Despite these “scarlet threads” of the India-Pakistan relationship, Doc H was able to win the abiding respect and admiration of his professional adversaries. I recall during my tenure in India (1997-2002) how many friends and admirers he had made. A common refrain was that as high commissioner he saw his job as cultivating as much understanding and appreciation for Pakistan’s point of view as was possible in a very unpromising environment. Similarly, he sought to improve the relationship wherever possible through a variety of confidence-building measures including people-to-people contacts, trade promotion and cultural exchanges. During the ‘Brass Tacks’ crisis of 1987, he played an important behind-the-scenes role to help avert what at one time looked like a slide towards nuclear confrontation.
Regarding policy towards Afghanistan, Doc H noted that the shots were being called from elsewhere — as is still the case. He warned Pakistan “should not try to have a Government of Afghanistan of its own liking”. Such an attempt was neither necessary nor feasible.

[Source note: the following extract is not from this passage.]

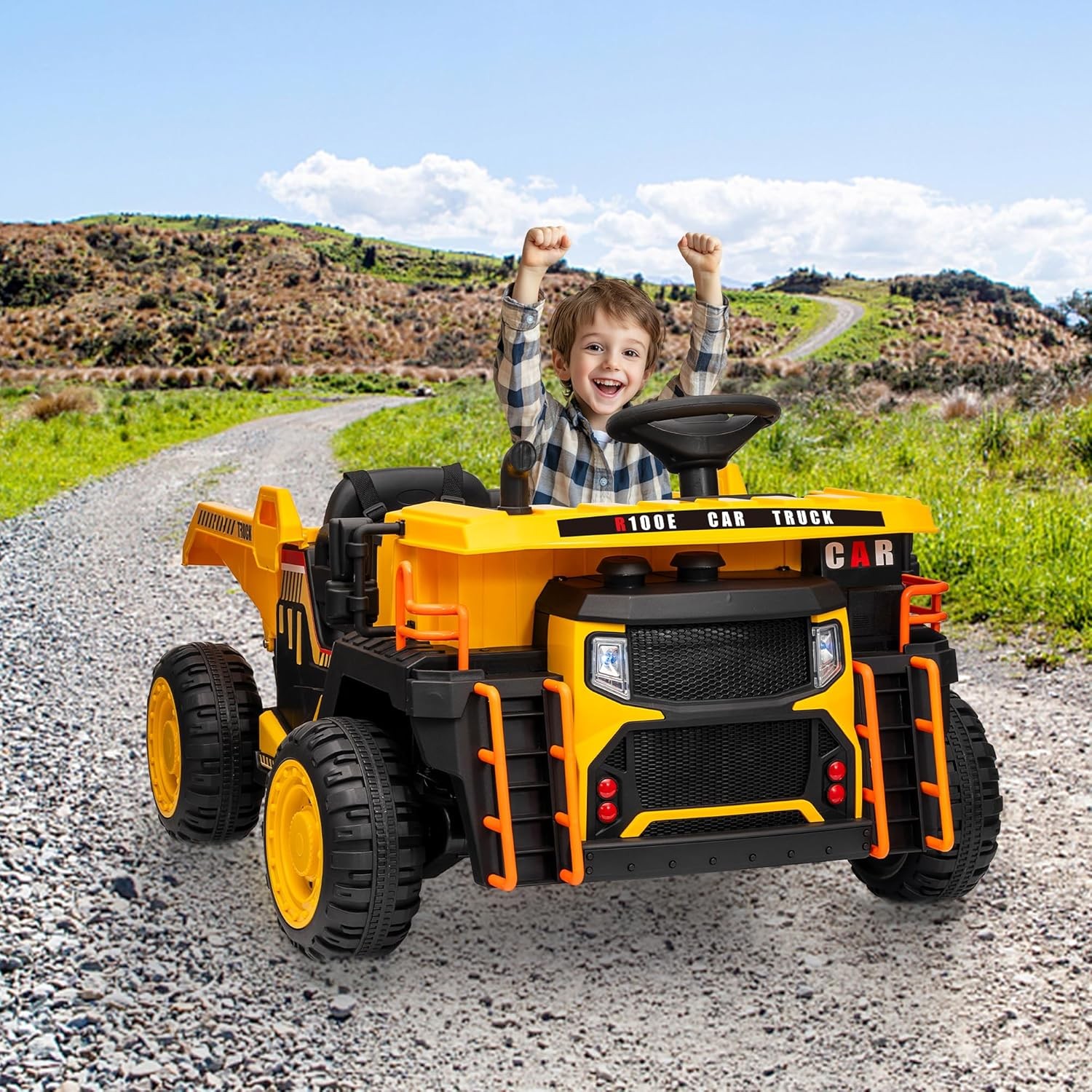 Kids Electric Dump Truck Ride On Car 2 Seater with RC,Dump Bed,4WD Motors Yellow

Such sane counsel was not always welcome. One of the intelligence heads had the temerity to accuse him of “snatching defeat from the jaws of victory” in Jalalabad. This nonsensical charge and implacable lack of foresight deeply troubled him. At times he felt he was a misfit unable to make a positive contribution. He felt he was a failure. This was simply not true. Doc H was an inspirational leader of a critically important but necessarily low key service operating in a politically dysfunctional environment. The frustrations were at times almost unbearable.
Doc H was surrounded by the love of a wonderful wife, three beautiful daughters, three grandchildren and the doting care of two younger sisters and two elder brothers who survive him. Yet he often brought to mind the haunting words of the song Starry, Starry Night: “This world was never meant for one as beautiful as you.” He should be commemorated as one of the great diplomats and servants of Pakistan.

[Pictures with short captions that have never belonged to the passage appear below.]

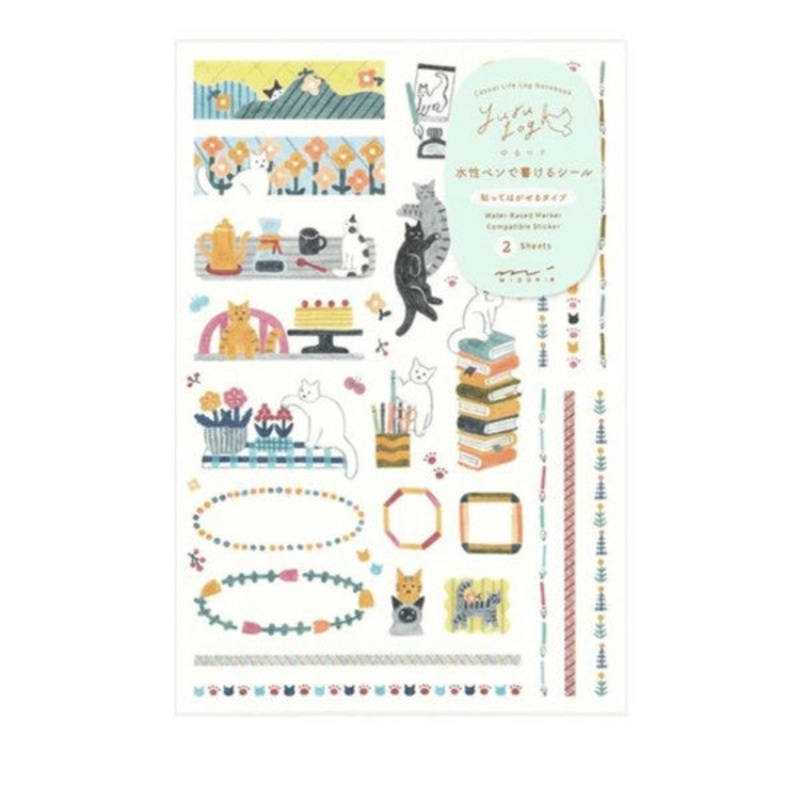 Midori Yuru Log Sticker Sheets Cats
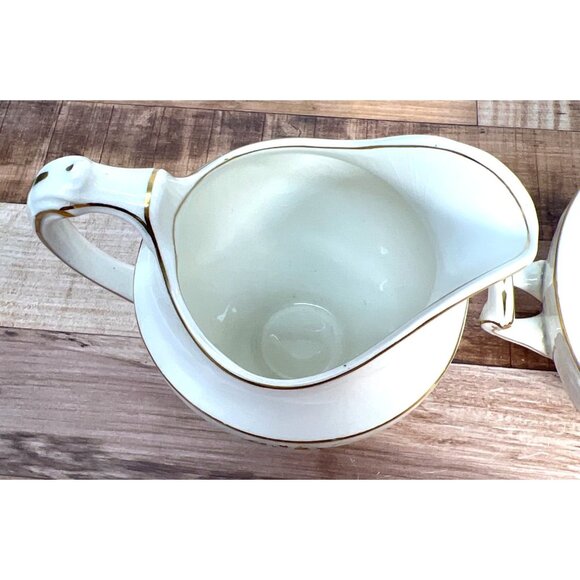Vintage W H Grindley & Co England Carlton Shape Handled Sugar Bowl & Creamer - Picture 5 of 8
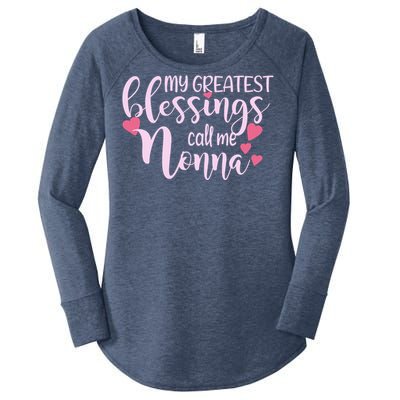 Wo Grandma Gift My Blessings Call Me Nonna Grandmother Great Gift Women's Perfect Tri Tunic Long Sleeve Shirt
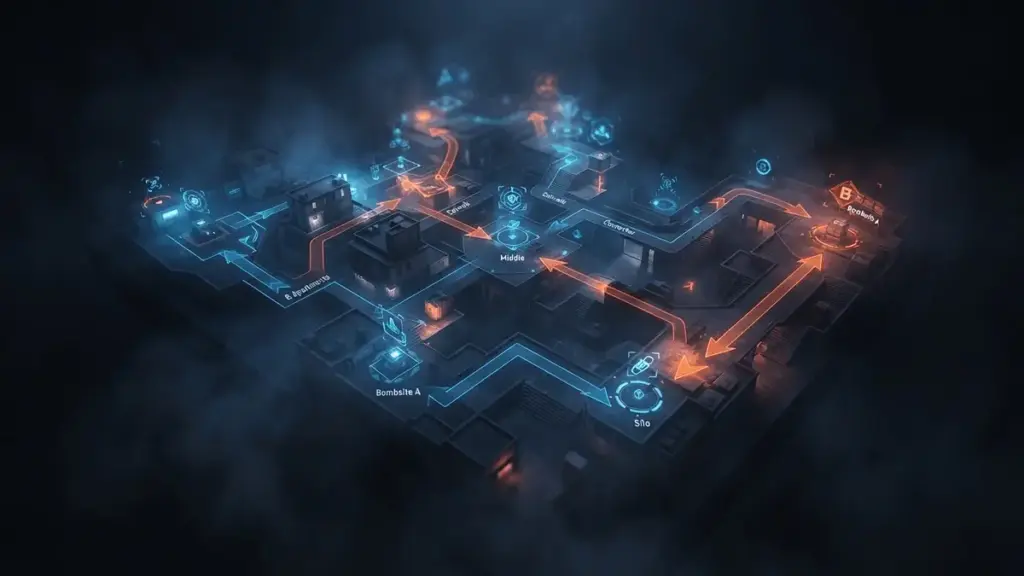 CS2 tactical map overview showing strategic positioning and lurk routes with glowing pathway overlays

There is talk today of the need for ‘technocrats’ to take over policymaking including foreign policy making. This would allegedly circumvent the political need for and avoid the perceived costs of essential socioeconomic structural change. In reality, this would only preserve a dysfunctional status quo. Technocrats may facilitate the provision of policy advice. They cannot provide policy advice. This is the task of specialists. In the field of foreign policy, these specialists are career diplomats whose advice is often necessarily more political, strategic and at times intuitive than technical. Accordingly, diplomats and other policy specialists of the calibre of the late Dr Humayun Khan will remain indispensable. Political leaders who ignore the advice of such policy specialists will do so at their peril. They will also imperil the interests of the country they lead but do not serve.
The writer is a former ambassador to the US, India and China and head of UN missions in Iraq and Sudan.